Always Toomevara. Sarsfields would have won an amazing 11 Tipp county titles in a row in the 1950s and ’60s, only Toome popped up in the middle of the run in 1960 to put a stop to it. They’ve been putting a stop to things since.
They did it in the 1992 county championship. They were the wet blankets on three out of the four finals which Thurles reached and lost at the turn of the decade. Mullinahone beat them in the other one. And in the 2008 county final who slapped Sarsfields until they woke up to find out they were having an old nightmare? Toome.
Toome were always quality. Thurles were forever embryonic. It went on eternally. This year, though, Sarsfields became men. Crossed the Rubicon. Grew up. They won a county championship by beating Toome along the way.
Lar laughs nervously at the mention. It is one thing to not remember the current moniker of the other Thurles club. Something else to bring down another dark era by denigrating or insulting Toomevara.

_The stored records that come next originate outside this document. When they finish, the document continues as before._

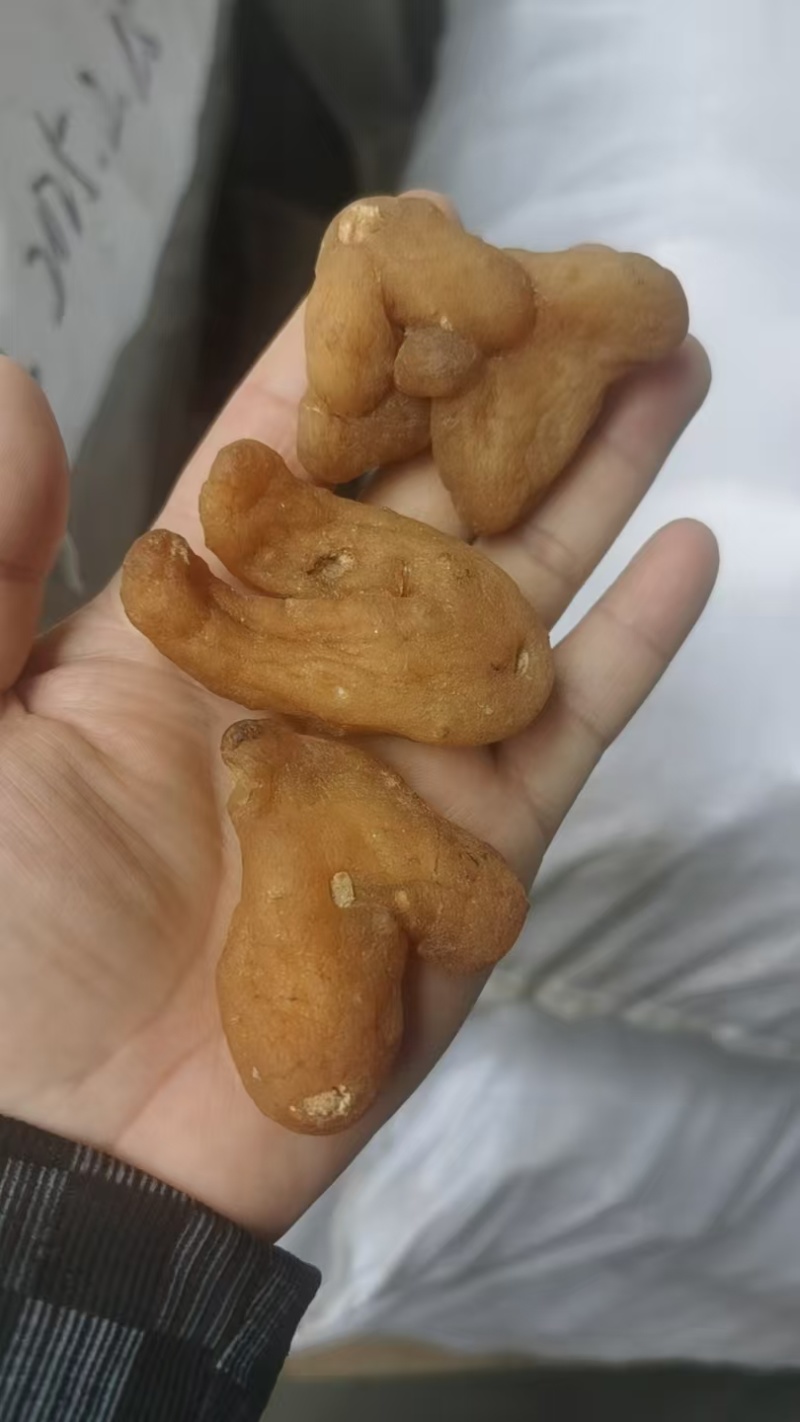黄精，姜形黄精，老虎姜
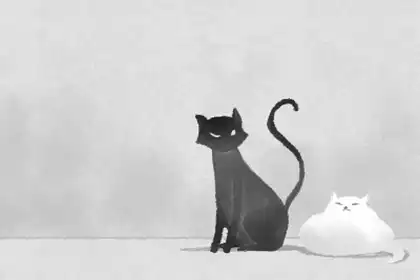 酉時出生的女孩命運 酉時出生的性格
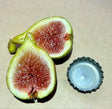 Lloral Fig Fruit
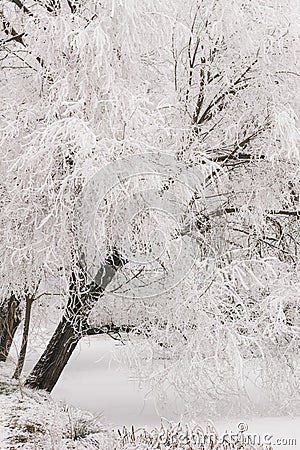 Snowy tree above a frozen lake, in a beautiful and magical enchanted forest. vertical image Stock Photo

“Ah,” says Lar. “Any bit of luck going that day we got it. Pa Bourke got a last-minute 21 and scored a goal. It was pure luck. You look back over the years the players they have had, the Dunnes, the Brislanes, the O’Briens, George Frend, Phillip Shanahan, Tony Delaney and so on. They were great teams. They were serious. Say what you want, we just never won one.”

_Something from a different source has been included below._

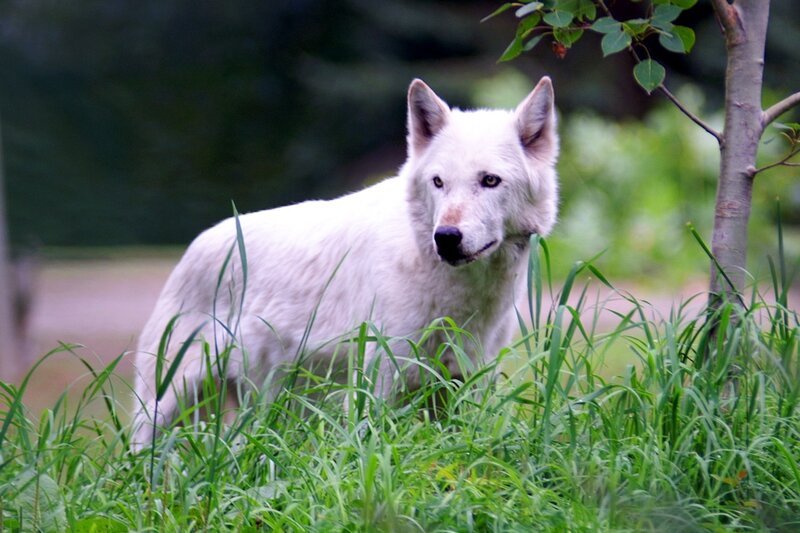 White Wolf in Grass — Green, Alert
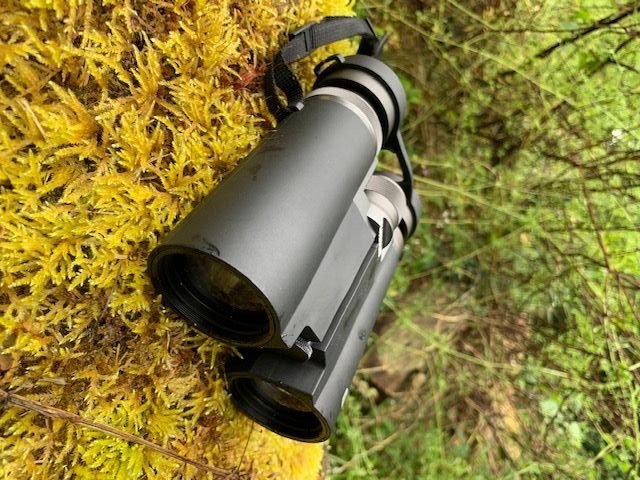 bright gold purse with chain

There were structures to be fixed. And then there was Toome to be stabbed through the heart. Success? The golden stuff came dropping slowly. Sarsfields won the county final in 1974 and had to wait 31 years to win again.

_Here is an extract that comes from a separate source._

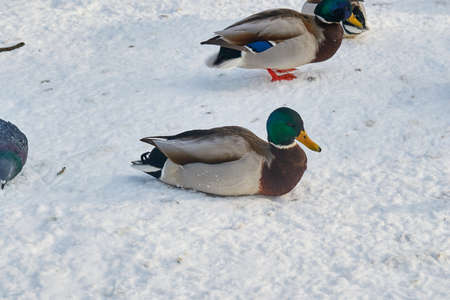 Beautiful landscape and in the flock of a lot birdsの写真素材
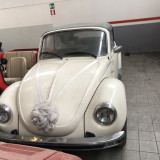 Volkswagen Maggiolino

That slow. It took 30 years of the All Star awards for Sarsfields, the club of Tom Semple, Jimmy Lanigan, Tommy Doyle, Tony Wall, Jimmy Doyle, Mick “The Rattler” Byrne and others to win an award. Good boy Eddie Enright. Slow. The local CBS were ineffectual at Harty Cup level till 2008 when they reached the final. Slow but trickling.
Things are accelerating at last. Lar Corbett, All-Ireland winner, hurler of the year, Time magazine man of the year etc is at his peak. Pa Bourke, still wearing his next big thing tag even though other things have become big in the meanwhile, is a fine foil. And elsewhere they have that necessity for club success: confidence.
A minor title didn’t arrive in Sarsfields from 1973 until 1985 but they have added another six since then. When Lar Corbett arrived he went into a minor set up which won in 1999 and went on to win three in a row.
The club won the Tipp under-21 title in 2008, Thurles CBS won the All-Ireland colleges a year later. Suddenly there are a lot of fellas in Thurles who have medals that vouch safe their confidence.
“We beat Knockavilla Kickhams in Semple Stadium,” says Lar of his first medal, that minor win in 1999. “And it was the first thing I ever won. I was bad. I was bad but it made a difference to win.”
It made a difference and the process of Sarsfields regaining their self-respect continued incrementally. And they are on the verge of freedom in the Munster championships. They feel they own their history, a continuation worthy of the men who wrote the history.
“Everybody tries to prove a point and prove to themselves how good they are. Any team that wins any county final should want to prove themselves outside the county. Every match is huge for the club and huge for the town. We are putting ourselves up against the best club in Munster for the moment. That’s the way it should be.”
Confidence. Sarsfields are minor champions this year again. Not just that but Durlas Óg are under-16 championships this year, Sarsfields are still in the hunt for the under-21 title and they also won the county junior and senior titles. Thurles CBS played in their third Harty final in a row earlier this year.
Lar Corbett’s year continues. It started in January with Tipp and stretches and stretches. Hard work and graft. Those things got them dug out from under Toomevara’s mound of achievement. They make Lar’s impossibly long year stretch forward. All those thing have gone into making this year an epic. And next year is already whispering in Lar’s ear.